Superior Court Judge Samantha Jessner said in her ruling that a California law allows property and business owners to pursue claims that LADWP failed to supply enough water to fight the blaze that consumed the Pacific Palisades area. 

LADWP has been criticized because the Santa Ynez Reservoir in the Pacific Palisades hills had been taken offline for repairs to its cover. Critics say the reservoir could have provided water to help extinguish the fire or prevent the blaze from growing to the devastating level it did.

The blaze was driven by hurricane-force winds over parched terrain that had not seen significant rain for months.

Daniel Levin, co-managing partner for Munger Tolles & Olson, who represents LADWP and the city, filed a demurrer arguing the utility could not be liable for failing to provide water for firefighting and lack of maintenance on the reservoir. 

The judge in her ruling concluded "the city and LADWP's demurrer is overruled."

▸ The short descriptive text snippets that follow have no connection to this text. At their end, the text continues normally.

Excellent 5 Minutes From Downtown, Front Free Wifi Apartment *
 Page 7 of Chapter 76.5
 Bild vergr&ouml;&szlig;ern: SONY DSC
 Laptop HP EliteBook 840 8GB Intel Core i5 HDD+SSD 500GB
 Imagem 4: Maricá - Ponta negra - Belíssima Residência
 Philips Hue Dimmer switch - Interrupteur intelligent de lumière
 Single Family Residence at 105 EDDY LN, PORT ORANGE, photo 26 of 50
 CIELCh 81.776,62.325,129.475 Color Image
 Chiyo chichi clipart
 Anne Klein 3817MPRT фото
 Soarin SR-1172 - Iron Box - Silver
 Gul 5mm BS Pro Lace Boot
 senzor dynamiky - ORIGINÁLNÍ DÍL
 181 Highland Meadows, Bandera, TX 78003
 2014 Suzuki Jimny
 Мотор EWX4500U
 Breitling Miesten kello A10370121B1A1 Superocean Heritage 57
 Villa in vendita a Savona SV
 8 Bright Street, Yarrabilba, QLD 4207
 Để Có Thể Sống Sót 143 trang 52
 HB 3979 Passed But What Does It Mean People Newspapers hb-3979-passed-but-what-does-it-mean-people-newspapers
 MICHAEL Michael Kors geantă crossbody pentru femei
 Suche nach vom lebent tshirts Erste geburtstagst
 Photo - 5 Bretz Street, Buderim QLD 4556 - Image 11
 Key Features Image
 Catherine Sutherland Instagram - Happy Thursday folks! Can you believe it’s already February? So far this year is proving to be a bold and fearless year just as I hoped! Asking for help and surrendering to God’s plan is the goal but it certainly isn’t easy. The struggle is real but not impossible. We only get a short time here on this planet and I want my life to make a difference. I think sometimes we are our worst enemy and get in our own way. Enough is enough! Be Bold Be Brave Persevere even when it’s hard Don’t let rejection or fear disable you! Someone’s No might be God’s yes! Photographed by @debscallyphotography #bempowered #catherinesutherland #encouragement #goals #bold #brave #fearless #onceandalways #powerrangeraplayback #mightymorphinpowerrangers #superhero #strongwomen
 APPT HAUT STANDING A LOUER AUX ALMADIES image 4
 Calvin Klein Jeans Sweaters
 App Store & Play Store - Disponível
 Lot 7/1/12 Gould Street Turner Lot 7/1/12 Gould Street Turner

Jessner also said the utility could be sued for causing secondary fires that extended the blaze's timeline. Jonathan Rinderknecht, 29, was indicted on three felony counts in October alleging that he was responsible for starting the wildfire, which was initially thought to have been quickly extinguished, but re-ignited a week later. 

Fabian emphasized that he was not saying LADWP doesn't have the resources to finance a solution to its litigation on its own, but said the increasing frequency of natural disasters means state governments need to craft solutions.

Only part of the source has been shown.